Helen Hudson Flexner discusses the inception and impetus behind the creation of The London Mechanics’ Institute in 1823.      

London Mechanics’ Institute, Southampton Buildings, Holborn: the interior of the laboratory, in a cellar. Wood engraving by W. C. Walker after Mr. Davy [1828].
1828 By: Davyafter: William Chester Walker
Credit: Wellcome Library, London. Wellcome Images

‘Knowledge is Power’ was the rallying cry that launched Birkbeck College in 1823, in its first manifestation as the London Mechanics’ Institute (LMI). These words, designed to appeal to uneducated men, headed the Mechanics’ Magazine proposal for a new technical institution and it couldn’t be missed, as the huge-selling magazine was a favourite among artisans interested in the latest inventions. Today large companies control major manufacturing sectors. Back then, a man could make his fortune with a new process or speedier production. So the LMI was set up to empower men with the latest science in this ‘steam intellect’ society.
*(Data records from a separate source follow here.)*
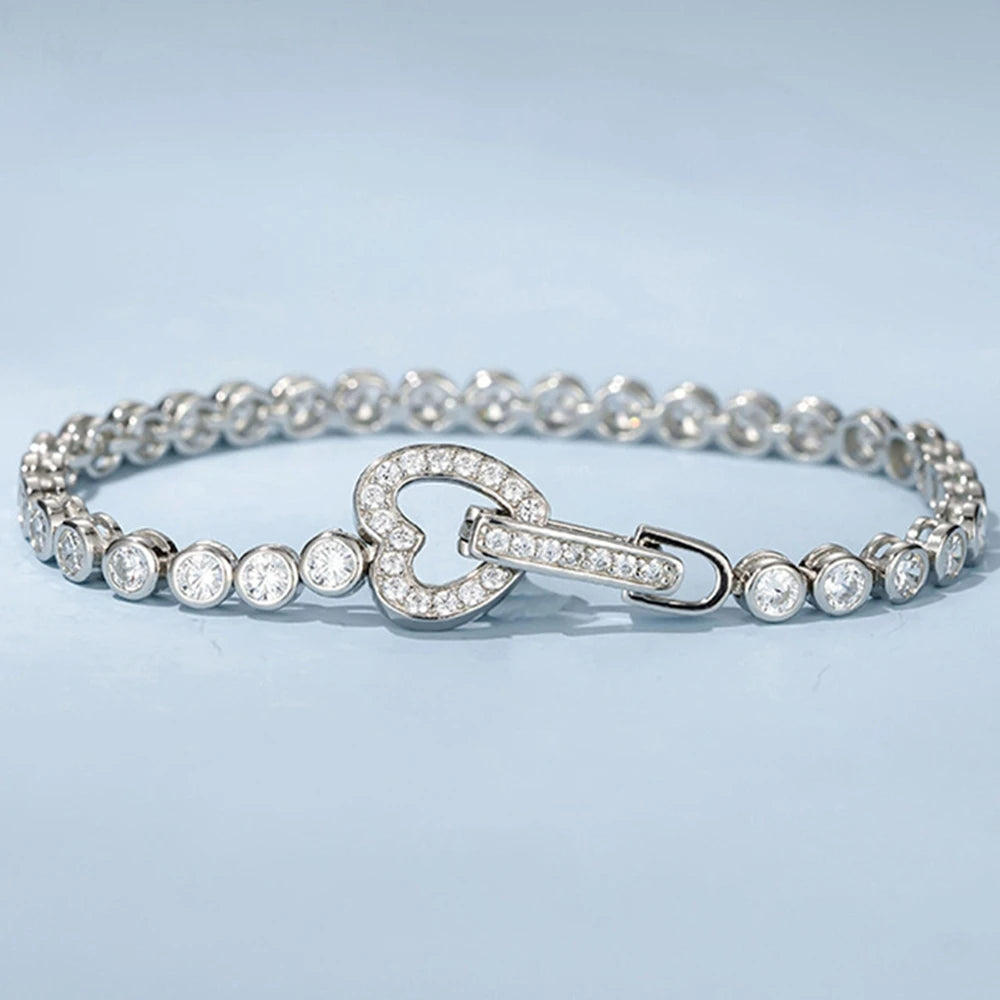 Full Heart Moissanite Diamond Charm Bracelets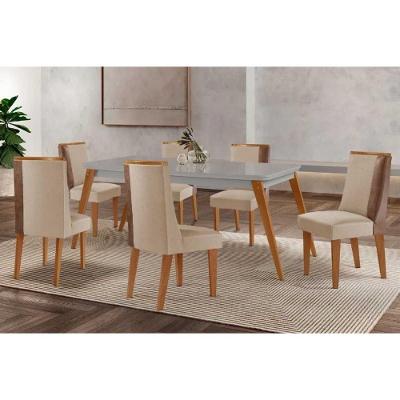 Sala de Jantar Havana Curvo 6 Lugares Tampo MDF Fosco Off White 180CM com Cadeiras Tília Suede Creme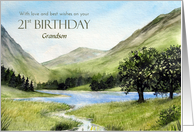 For Grandson 21st Birthday Custom Lake Buttermere Cumbria England card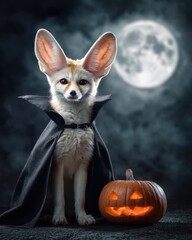 Halloween Fennec Fox: A captivating image of a Fennec fox, adorned in a black cape, striking a pose in a Halloween themed setting under a radiant moon.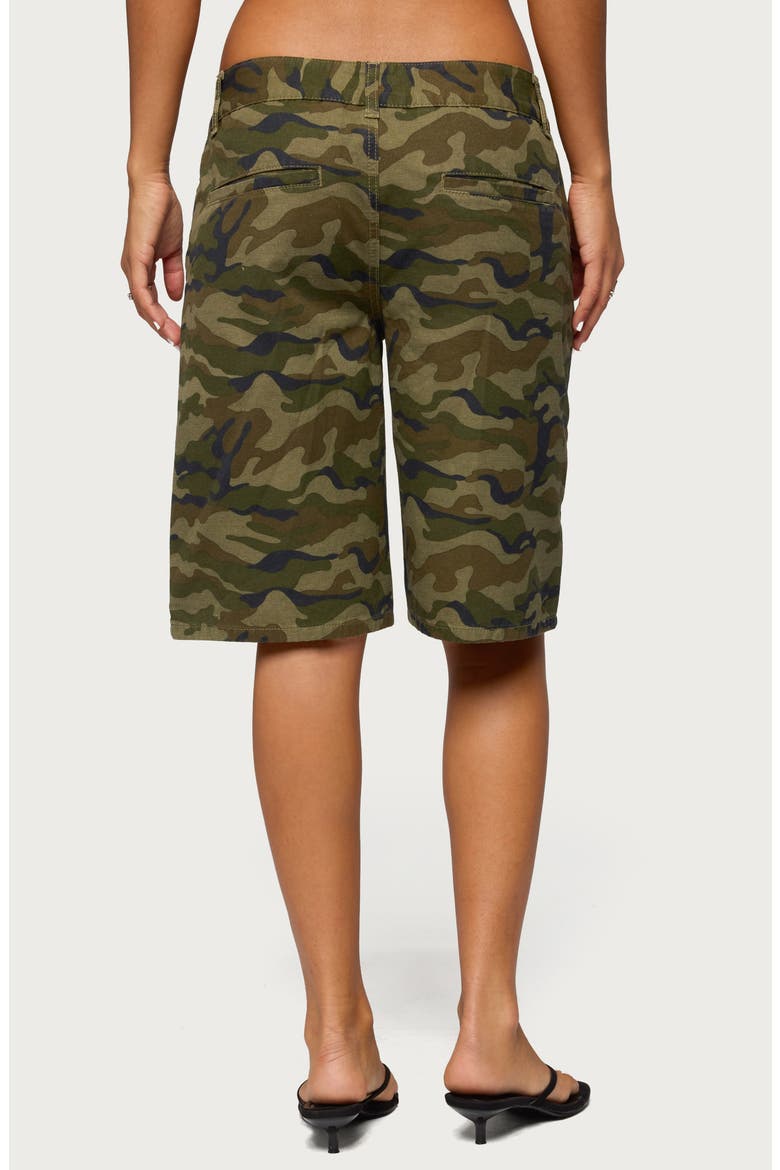 Camo Print Denim Bermuda Shorts, Alternate, color, OLIVE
George Birkbeck, radical teacher and London physician, was immediately on board.      Such was his standing that he chaired the inaugural meeting at the Crown and Anchor on 11 November 1823.  Many who flooded into the tavern were proudly working class: carpenters, jewellers, iron mongers, weavers, precision instrument makers, engineers, and printers. They were necessarily autodidacts, simply because there was no state funded education at the time. The metropolis, with its well-paid artisanal base, provided a ready audience for the new institute.

Although others who came to the launch and joined the LMI were not working class, the Institute was designed for the ‘lower orders’. Indeed, Birkbeck, president of the Institute from 1823-1842, reported in 1837 that two thirds of the membership had always been working class. The Institute even legislated to ensure that two thirds of the management committee was working class, and on nomination a man’s class had to be identified. Thus, the workers’ interests were always represented. Soon, some of the working-class members were running classes themselves, while their inventions were showcased in lectures. The Institute’s egalitarian ethos even extended to women who could attend lectures from 1825 and were able to become members in 1830.

Fees weren’t extravagant: five shillings a quarter, probably a day’s wage for an artisan, or £17 in today’s money. For this, the men gained access to workshops, a chemistry lab, an apparatus room containing geological specimens, drawing equipment and mechanical instruments, a good library, classes and lectures. In these decades before professionalisation, the lecturers encouraged their audiences to challenge what they heard. William Frend, a unitarian radical who had been expelled from Cambridge University for campaigning against the Thirty Nine Articles of the Anglian faith, told the LMI audience to ignore any ‘appeal to the wisdom of our ancestors’. Their new world was in the making.

Working Londoners made the most of this liberating environment. Some used it to change their vocation, which itself could bring higher status.  George Francis was a shoe-maker, but made his name in optics at the LMI. Called to the LMI stage to explain his improved eye glasses, he was described as ‘a plain and unassuming workman’ who ‘addressed the assembly … in very clear and intelligible language, though evidently unpolished by the refinements of education.’ By 1828 Francis had become ‘an optician of some celebrity’. The early history is replete with such examples.

So in its founding incarnation, Birkbeck College was a revolutionary educational institution encouraging and enabling social mobility. Within a year mechanics’ institutes sprouted up across England and Scotland. But none of them was so progressive. None had the two thirds rule. None appealed so consistently to working men. Our London institution remained the radical leader.

Helen Hudson Flexner is the author of The London Mechanics Institution: Social and Cultural Foundations 1823-1830‘, PhD thesis, UCL 2014.